Dataset entries:
--------------------
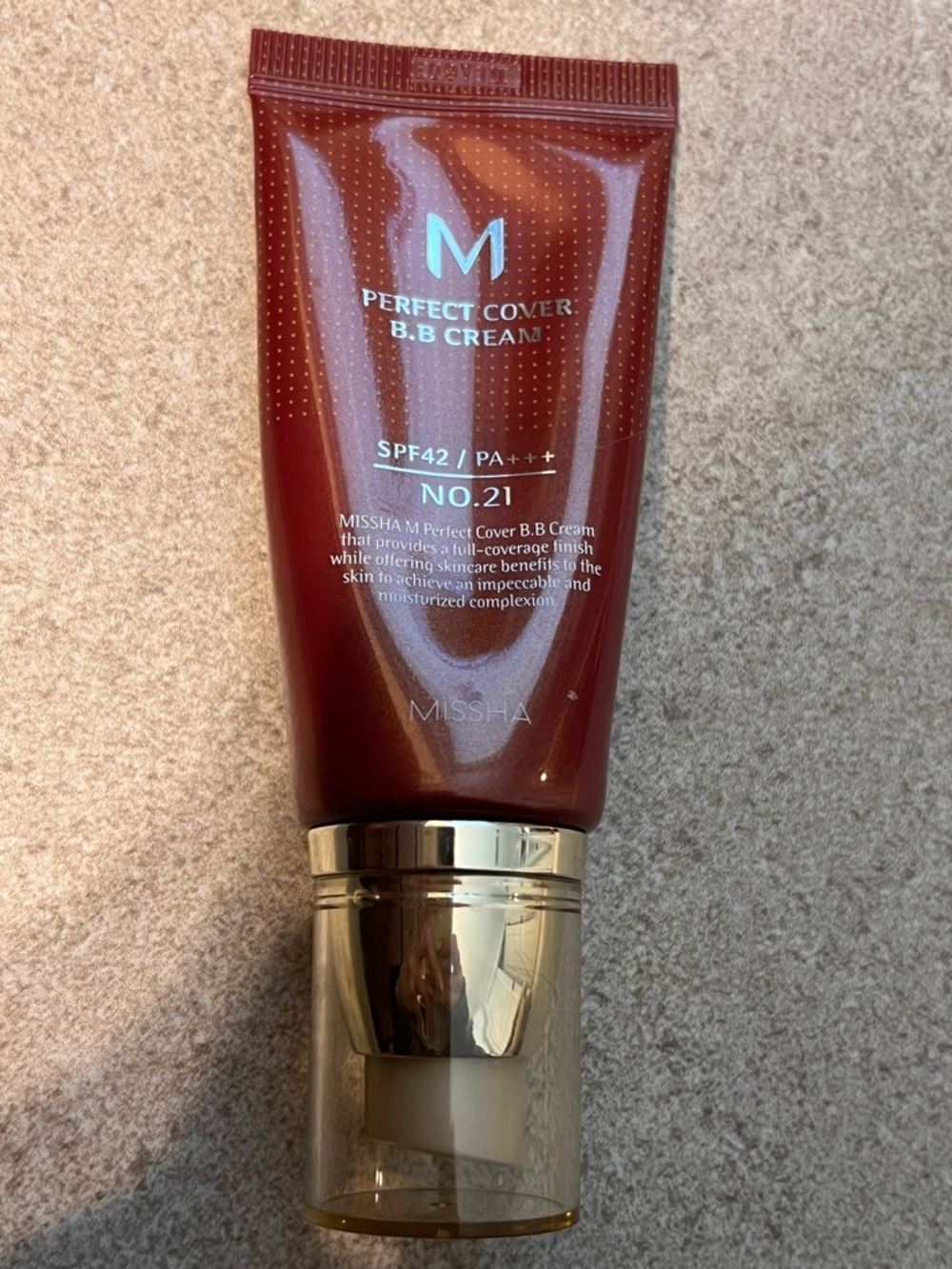 MISSHA Perfect Cover B.B Cream No.21 - Light Beige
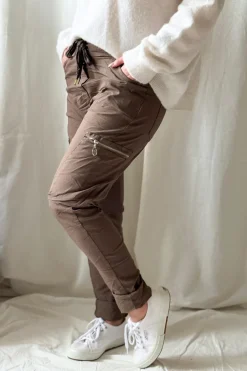 Cargo joggerit, taupe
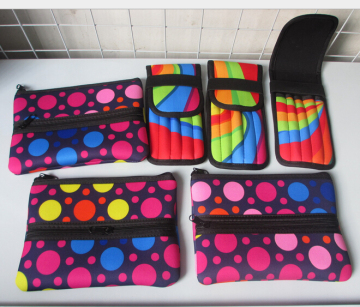 CHEAP NEOPRENE WATERPROOF PEN CASE PENCIL BAG PERSONALIZ KIDS COIN CASE/BAG SET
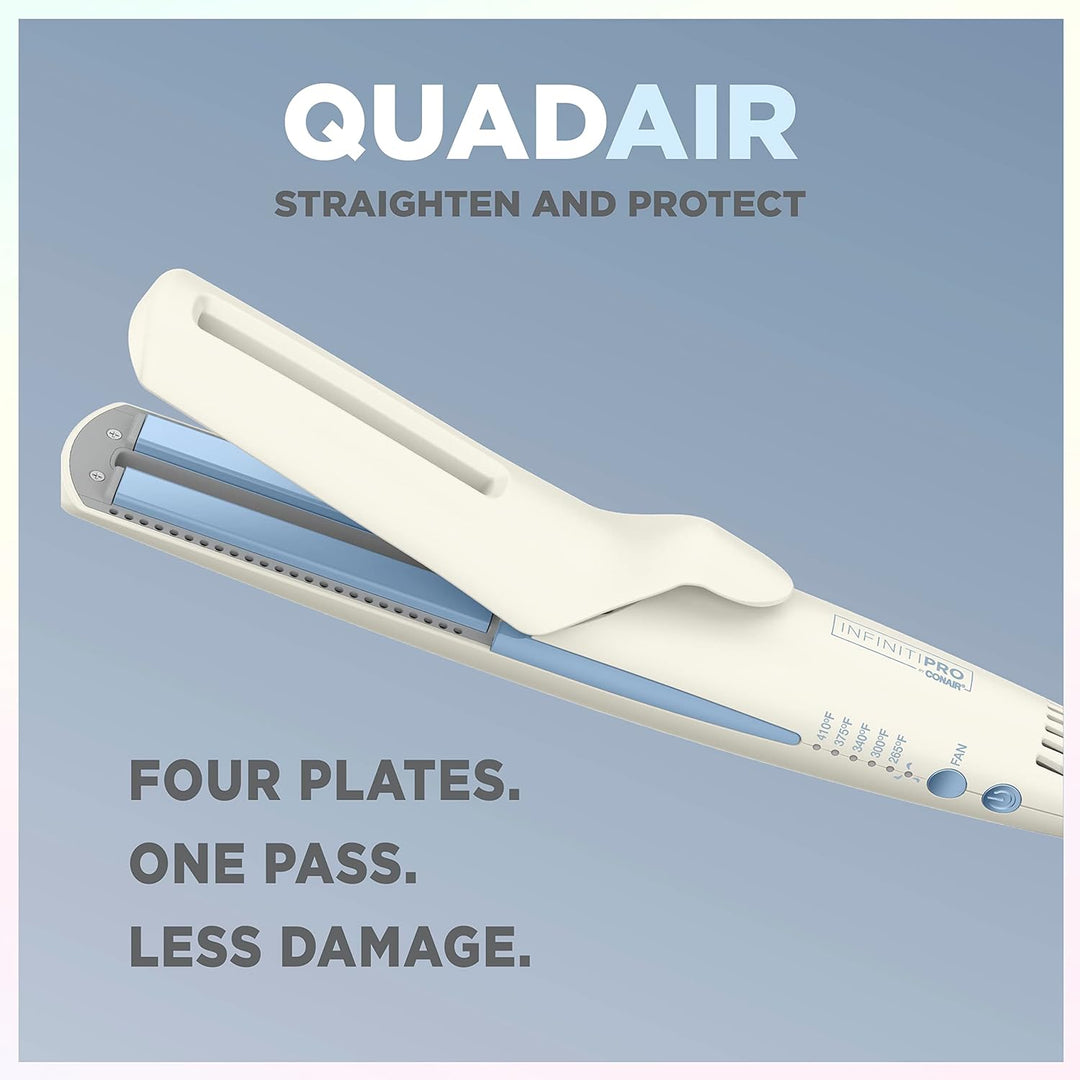 INFINITIPRO BY Conair QuadAir - Plancha plana para alisar el cabell...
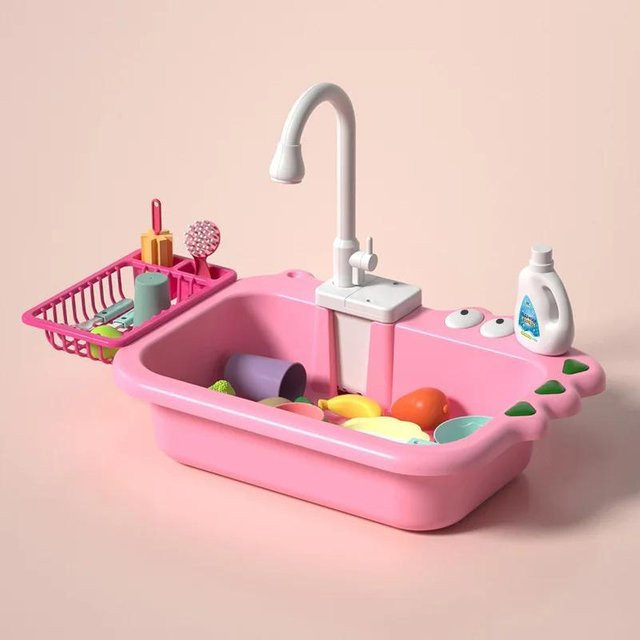 Wasserhahn Spielwaschbecken Küchenspüle, elektrischer Wasserhahn, ab 3 Jahre - Bild 1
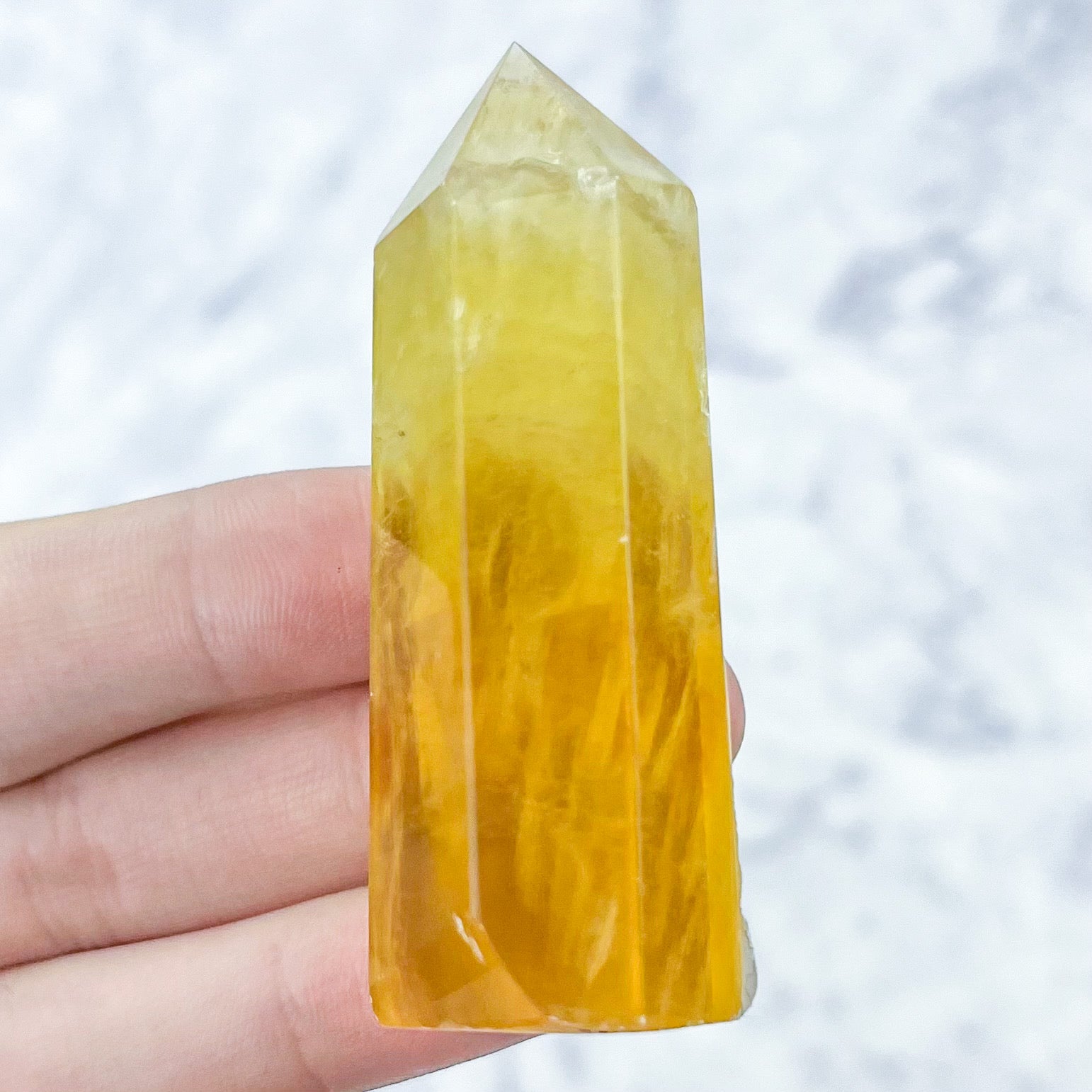 2.5 Inch Yellow Fluorite Tower H12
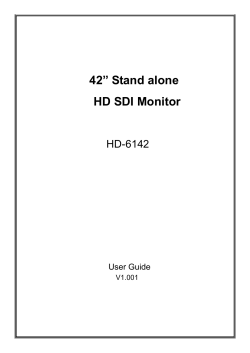 42&rdquo; Stand alone HD SDI Monitor HD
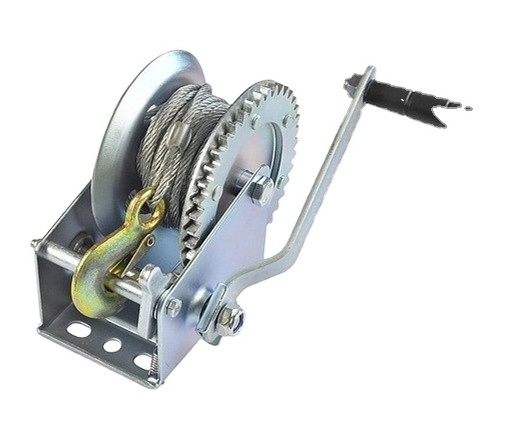 1200LBS 1800LBS 2600LBS portable self locking hand winch with stainless rope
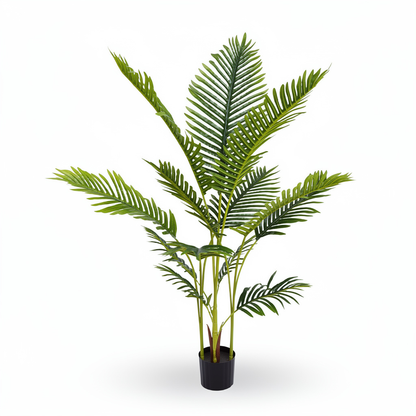 Palmier artificial decorativ, 140 cm, cu ghiveci inclus - Default Title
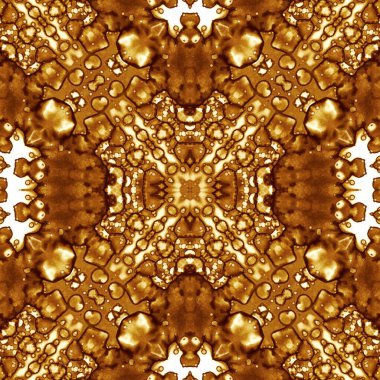 Kusursuz desenli soyut kare. Soyut arkaplan. Doku yaratıcı modern kaleydoskop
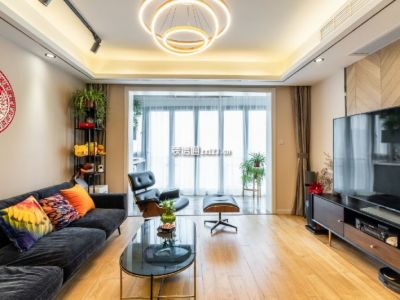 雅颂居-130㎡-现代风效果图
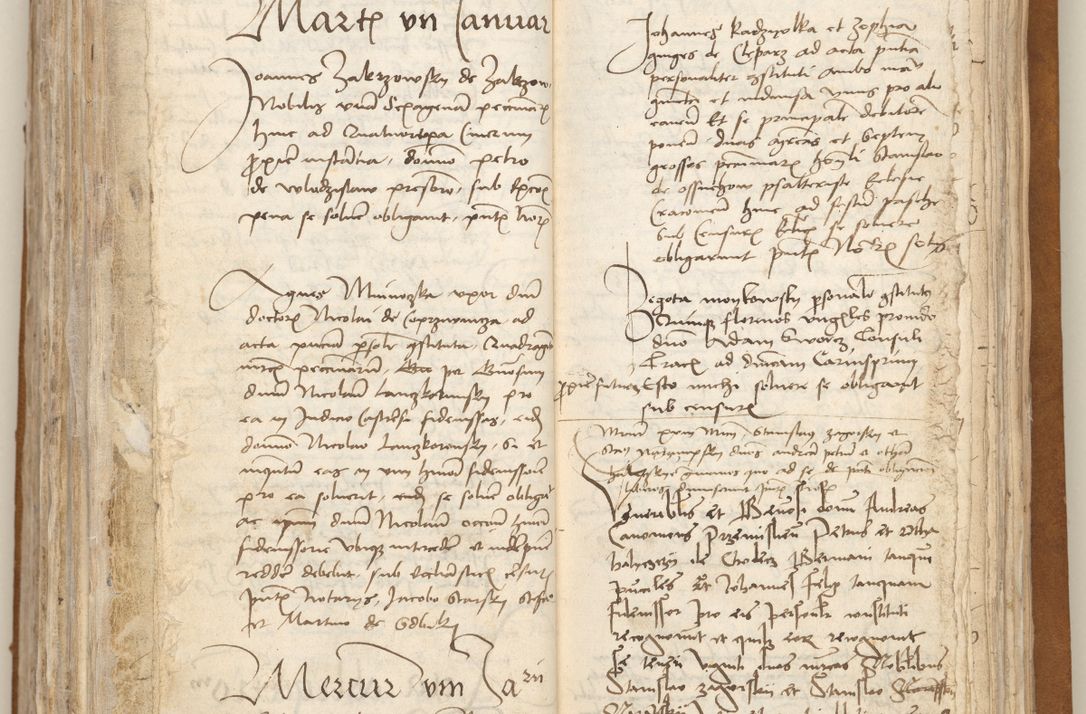 Zdjęcie nr 318 dla obiektu archiwalnego: [Acta obligationum officialia coram Johanne de Starzechowicze]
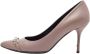 Gucci Vintage Pre-owned Leather heels Purple Dames - Thumbnail 1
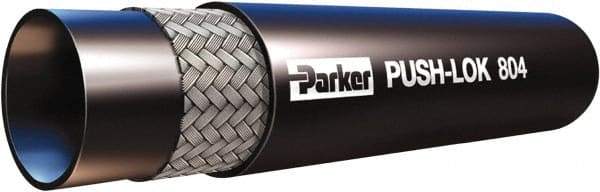 Parker - 1/2" ID x 0.91" OD CTL Push-on Air Hose - 150 Working psi, -40 to 158°F, Black - All Tool & Supply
--------------------
Task goal:
Write out all the records exactly, omitting the images.

Answer to the problem:
 MISSHA Perfect Cover B.B Cream No.21 - Light Beige
 Cargo joggerit, taupe
 CHEAP NEOPRENE WATERPROOF PEN CASE PENCIL BAG PERSONALIZ KIDS COIN CASE/BAG SET
 INFINITIPRO BY Conair QuadAir - Plancha plana para alisar el cabell...
 Wasserhahn Spielwaschbecken Küchenspüle, elektrischer Wasserhahn, ab 3 Jahre - Bild 1
 2.5 Inch Yellow Fluorite Tower H12
 42&rdquo; Stand alone HD SDI Monitor HD
 1200LBS 1800LBS 2600LBS portable self locking hand winch with stainless rope
 Palmier artificial decorativ, 140 cm, cu ghiveci inclus - Default Title
 Kusursuz desenli soyut kare. Soyut arkaplan. Doku yaratıcı modern kaleydoskop
 雅颂居-130㎡-现代风效果图
 Zdjęcie nr 318 dla obiektu archiwalnego: [Acta obligationum officialia coram Johanne de Starzechowicze]
 Gucci Vintage Pre-owned Leather heels Purple Dames - Thumbnail 1
 Parker - 1/2" ID x 0.91" OD CTL Push-on Air Hose - 150 Working psi, -40 to 158°F, Black - All Tool & Supply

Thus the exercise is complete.